Océan: quand les éléphants de mer tweetent au service de la science
Le 8 juin 2015, on célèbre la journée mondiale de l’océan. L’occasion d’un zoom sur le travail accompli par les phoques dans les études sur la vitesse du réchauffement des mers et sur la fonte des calottes glaciaires de l’Antarctique et du Groenland.
A l’origine de ce projet, un consortium international regroupant dix pays (Afrique du Sud, Allemagne, Australie, Brésil, Canada, Chine, Etats-Unis, France, Grande-Bretagne, Norvège) qui, depuis le 1er juin 2015, propose un portail internet baptisé MEOP (Marine Mammals Exploring the Oceans Pole-to-Pole traduit par «Les mammifères marins explorent les océans d'un pôle à l'autre» ) sur lequel toutes les données transmises par les phoques et les éléphants de mer, contrôlées et validées, sont facilement accessibles et utilisables par les scientifiques du monde entier.
Depuis 2004, 330.000 profils environnementaux ont été fournis par les animaux. Certaines des espèces étudiées – notamment les éléphants de mer – se déplacent sur des milliers de kilomètres tout en plongeant continuellement et profondément, jusqu’à 2000 mètres. Chaque plongée d’un mammifère équipé met à disposition des données inégalables par les moyens classiques (navires océanographiques, bouées Argos, satellites).
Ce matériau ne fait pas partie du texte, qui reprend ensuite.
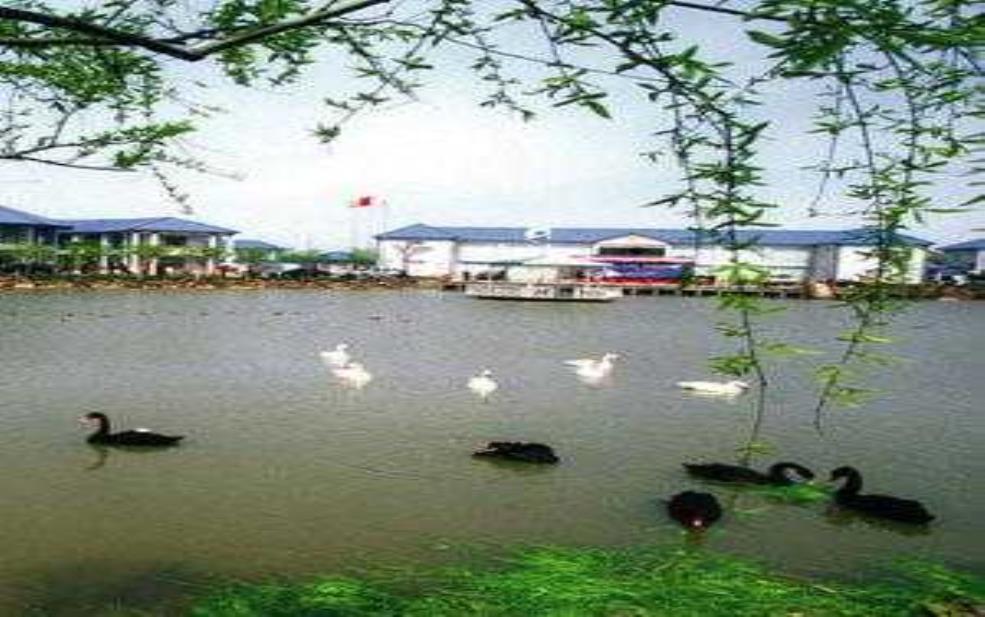  申隆生态园,离碧海金沙远吗 
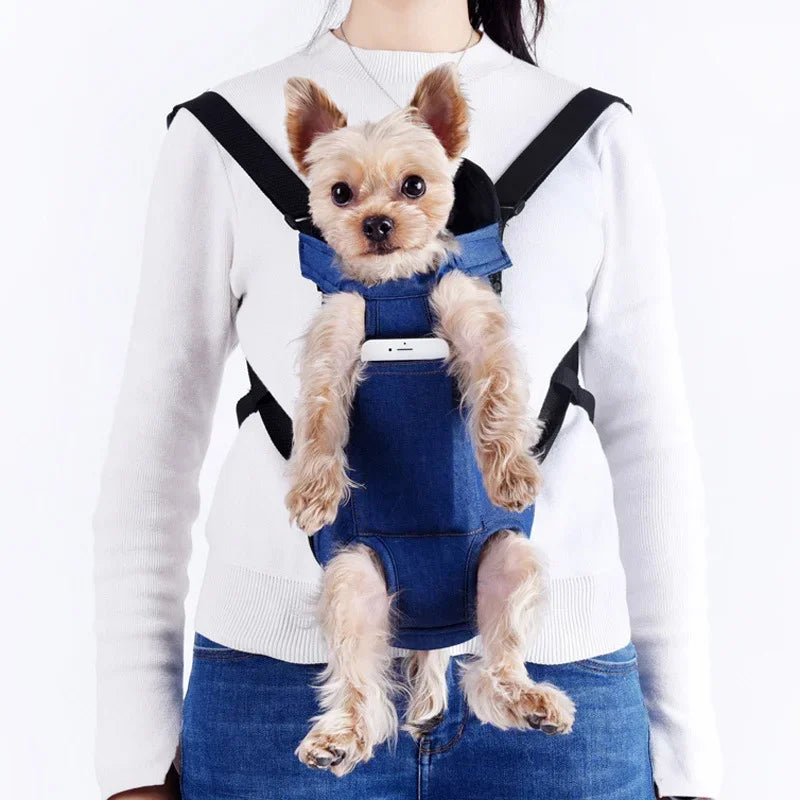 Pet front carry backpack with breathable mesh panels for cats and small dogs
«Il s'agit de données océanographiques uniques qu’aucune autre source ne peut nous fournir, explique à Géopolis, Christophe Guinet, directeur de recherche au CNRS spécialisé dans l’écologie des mammifères marins, en particulier en automne et en hiver en zone de banquise inaccessible». Les satellites, par exemple, mesurent l’étendue de la glace mais pas son épaisseur. Le phoque, lui, transmet en temps réel des renseignements sur le processus de formation de la banquise, le taux de salinité et, bien sûr, la température.
«Les informations qui nous sont envoyées nous donnent des détails sur l’environnement immédiat du phoque. C’est comme s’ils tweetaient !», se réjouit Lars Boehme, un enseignant de l’université écossaise de St Andrews où ont été développés les capteurs installés sur le front des mammifères marins.
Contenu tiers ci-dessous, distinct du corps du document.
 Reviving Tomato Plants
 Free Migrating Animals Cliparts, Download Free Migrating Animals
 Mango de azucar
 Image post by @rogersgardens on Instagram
Les instruments fonctionnent grâce à une batterie progammée pour durer des mois. Chaque fois que l’animal remonte en surface, sa balise envoie par satellite les données récoltées in situ. Un tableau complet en 28 points qui, outre le taux de salinité et la température, présente aussi, entre autres, le niveau d’oxygène contenu dans l’eau ainsi que sa teneur en chlorophylle. Des données qui permettent d’établir les niveaux de dioxyde de carbone contenu dans les océans et d’étudier le phénomène de leur acidification.
Les capteurs pèsent environ 500 g et sont posés sur la tête des animaux, sans opération chirurgicale. A la mue des mammifères, chaque mois de janvier, ils tombent d’eux-mêmes. Aux îles Kerguelen, archipel du sud de l'océan Indien, où œuvre l’équipe française emmenée par Christophe Guinet, c’est le moment de récupérer les balises qui contiennent des données supplémentaires riches d’enseignement. Certains des éléphants de mer mâles auront parcouru 4.000 km aller-retour jusqu’à l’Antarctique permettant « une vision globale » de la situation, note le chercheur.
«Ils sont chez eux dans l'Antarctique. Ils profitent des failles dans la glace pour se déplacer partout. Aucun recoin ne leur échappe. Avec leur capteur, ils nous informent aussi sur la quantité de nourriture disponible. On sait aujourd'hui avec certitude qu'il y en a moins, ce qui oblige les phoques à plonger plus longtemps», complète Christophe Guinet.
L’océan Austral est le principal réservoir de froid de notre planète. Suivre de près son évolution, sachant que la température de l’océan mondial a grimpé d’un demi degré en vingt ans, est un atout de taille dans l’inévitable processus d’adaptation au réchauffement qui nous attend.